Altice a enfin racheté en urgence le solde des actions SFR de Vivendi pour que personne ne puisse venir lui poser de questions embarrassantes, puis a cédé en catastrophe 30 % de Cablevision aux fonds Canada Pension et BC Partners pour tenter de retrouver un peu d’oxygène et quelques (petites) marges de manœuvre. L’agence d’évaluation financière Moody’s a ainsi dégradé la note d’Altice, dont la dette est désormais B1, c’est-à-dire faisant partie de la catégorie dénommée “très spéculative” – la perspective présageant de l’évolution future de la note étant négative. Par ailleurs, la notation de la dette de Numericable SFR a été abaissée d’un cran.

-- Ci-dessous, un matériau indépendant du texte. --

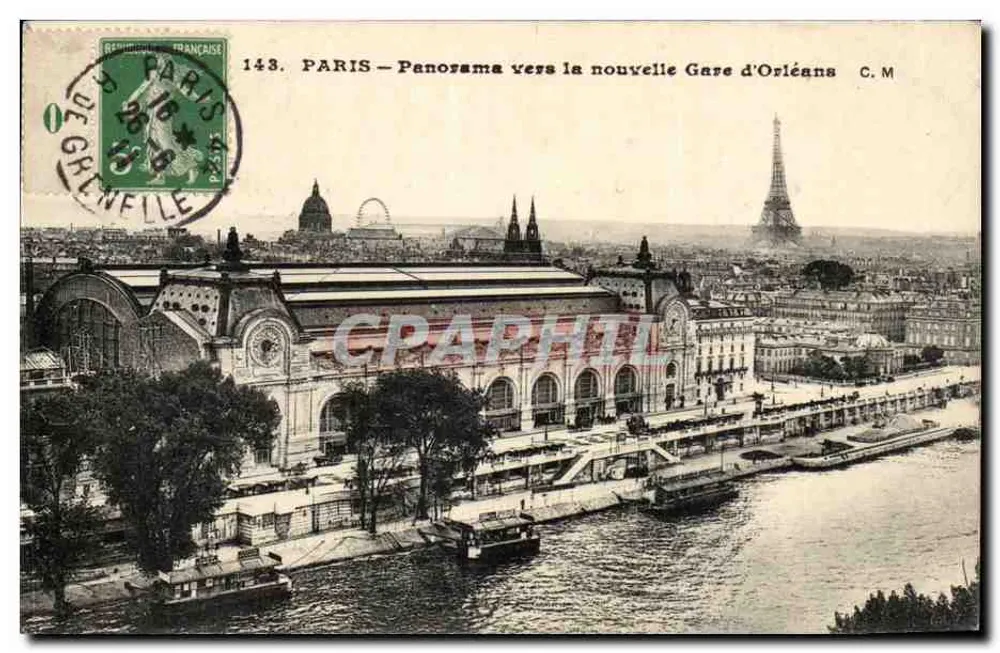 Paris — Panorama in Richtung neue Gare d'Orléans — C.M. n°143 - Vorderseite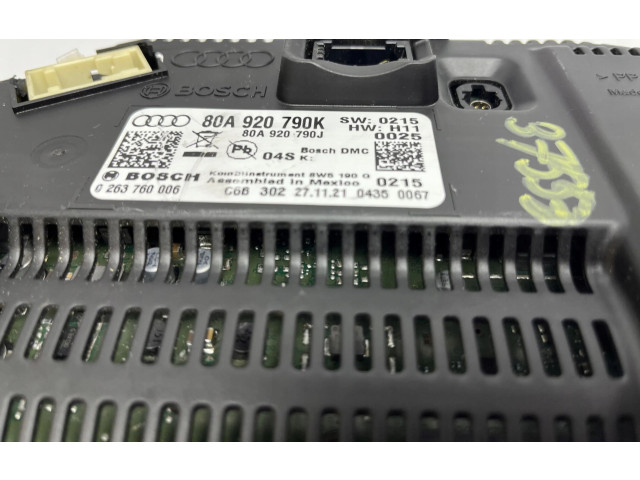 Панель приборов 80A920790K Audi Q5 SQ5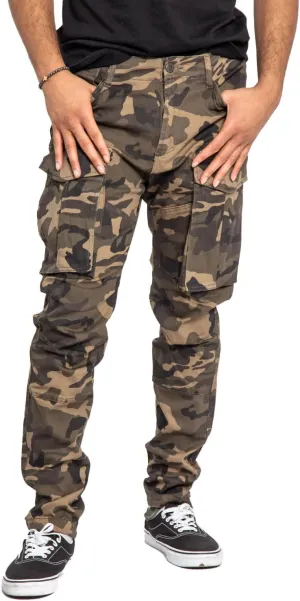 Men's Utility Cargo Pocket Cotton Jogger Pants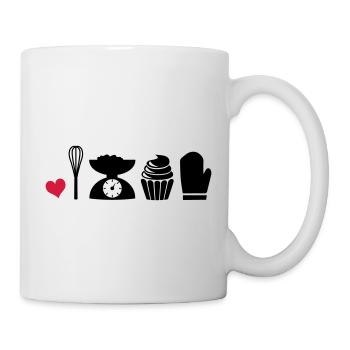 faire cuire au four - Mug blanc - blanc - Droite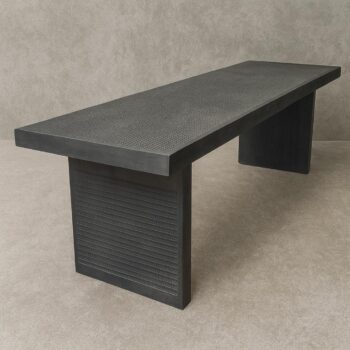 60085 (2) Mesa Comedor Roble 200x69x20 cm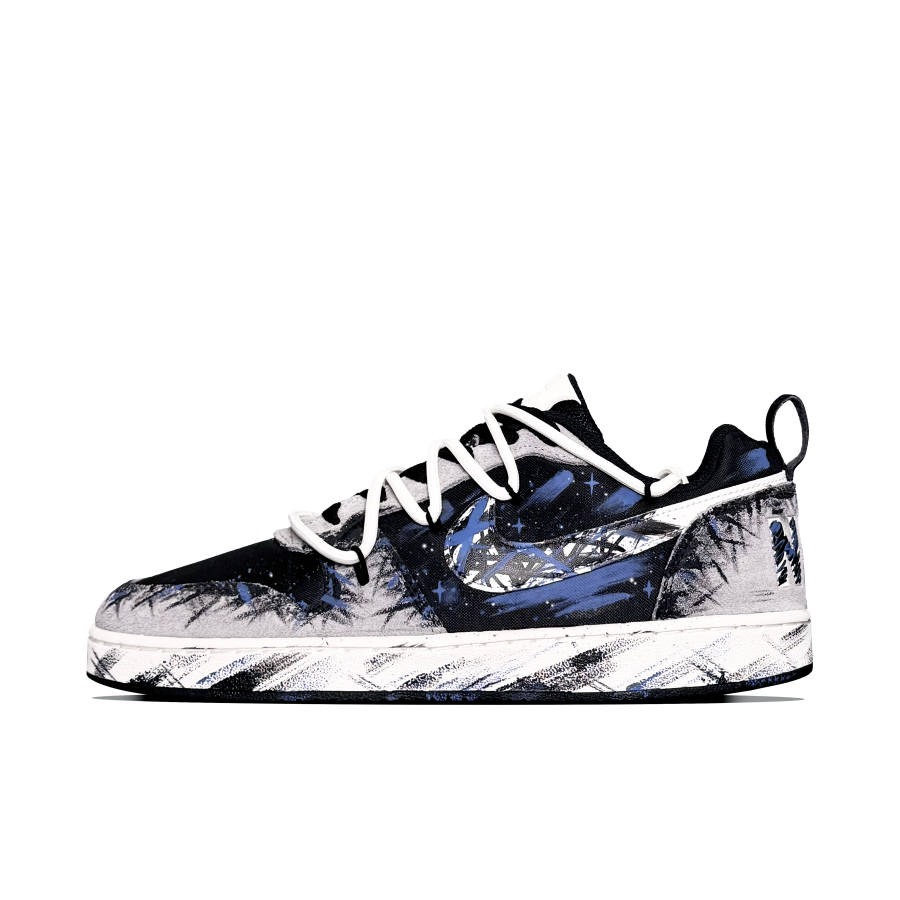 Nike Nike Court Borough Deep Blue Rainy Night Cushioning Abrasion Resistant Cushioning, Wear Resistant Low top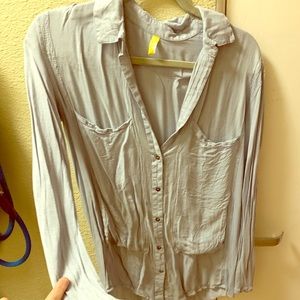 Free People Button Up : Long Sleeve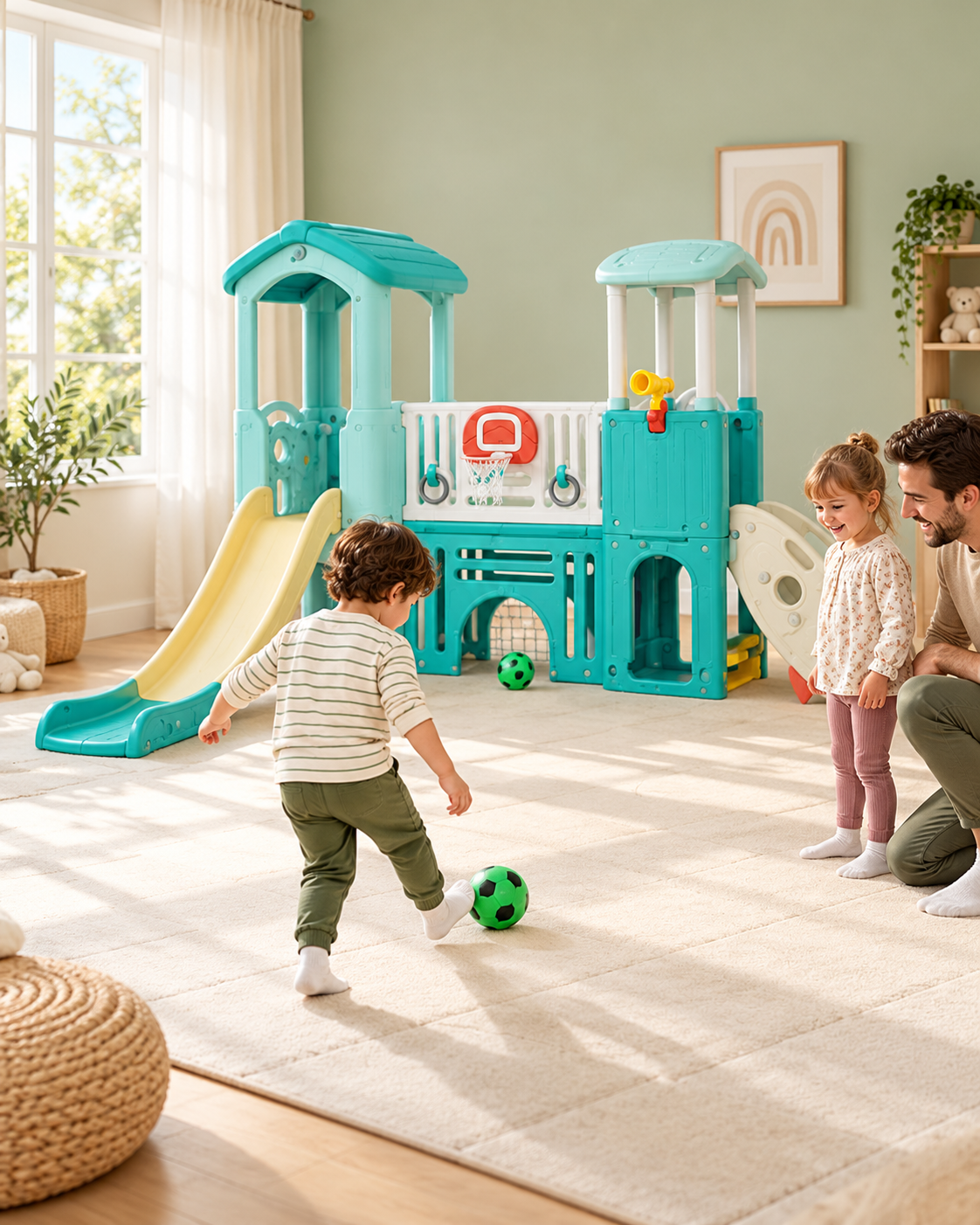Toyemporium Compact Sky Blue Multi-Activity Play Centre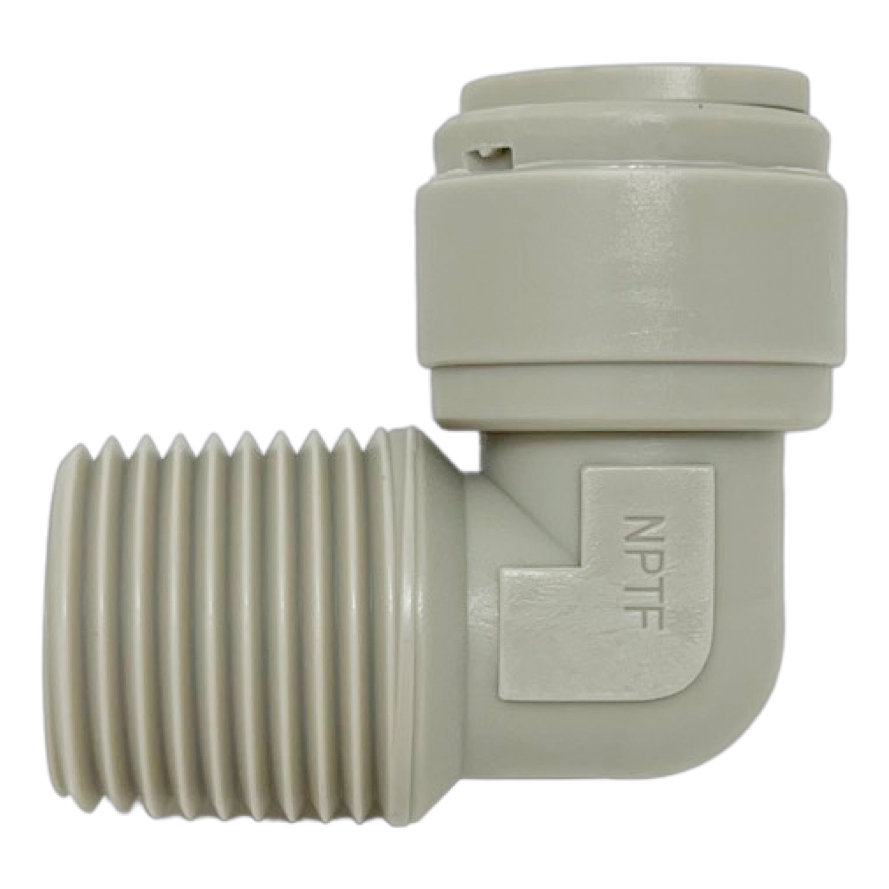 D24450418-10PACK : Norgren Elbow Adapter, 1/4 tube O/D, 1/8 NPT thread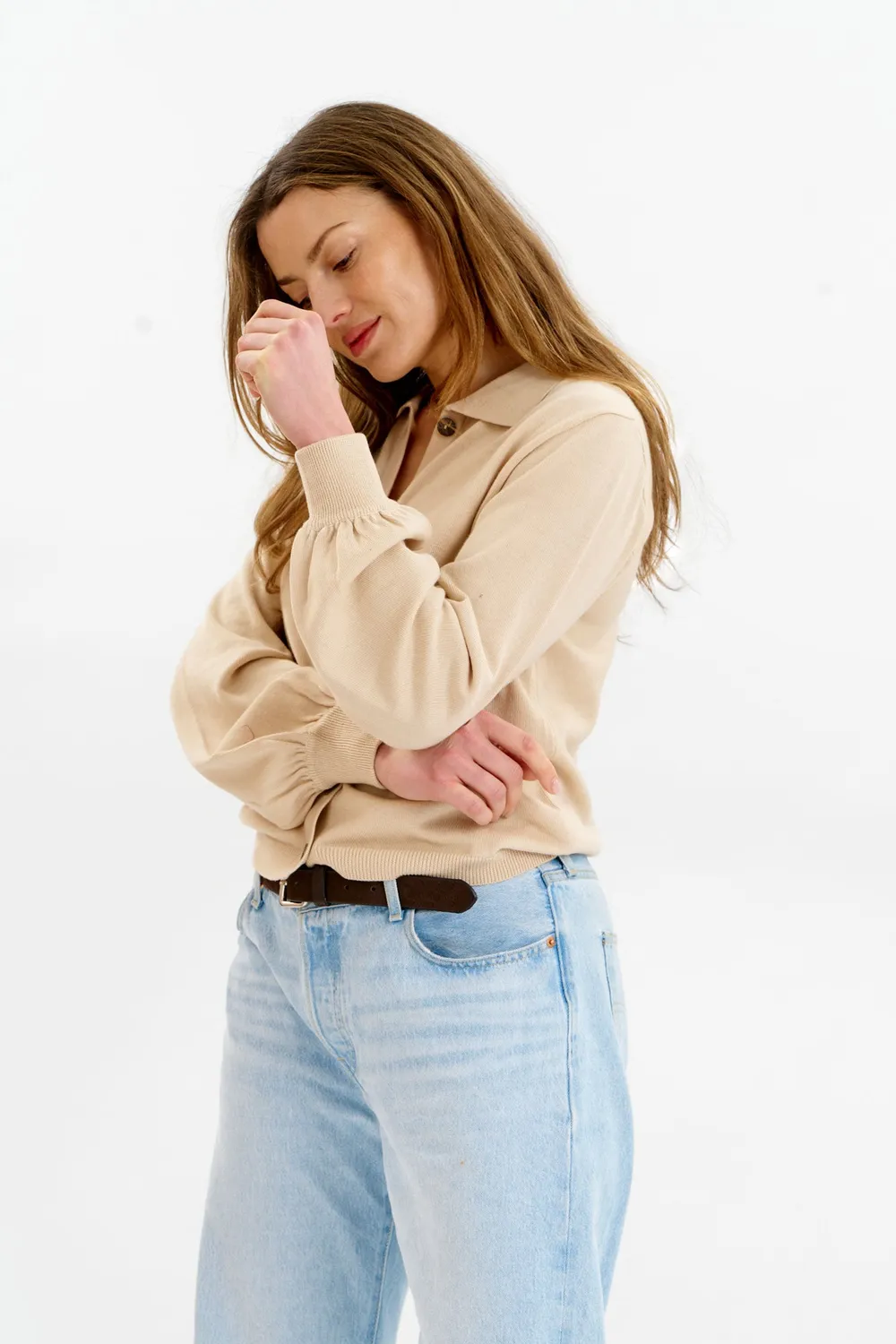 Komodo Nani Cardigan Creme Bio-Baumwolle EUR 38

Voilà donc l’immense chantier qui attend le Régulateur de l’audiovisuel, re-situé dans son contexte et son environnement. À la différence de Pascal Houzelot et de ses (déjà ex ?) amis –conseillers au cabinet de l’ancien président Nicolas Sarkozy, acteurs centraux de l’affaire Bygmalion ou encore marionnettistes réfugiés dans la pénombre chuchotante du “secret des affaires” –, la Bourse se nourrit de lumière crue. Après l’éblouissement passager, la vision finit généralement par revenir (les ophtalmologistes appellent cela un phosphène). Cette fois, personne ne pourra dire qu’il n’était pas au courant : persistance rétinienne fortement déconseillée.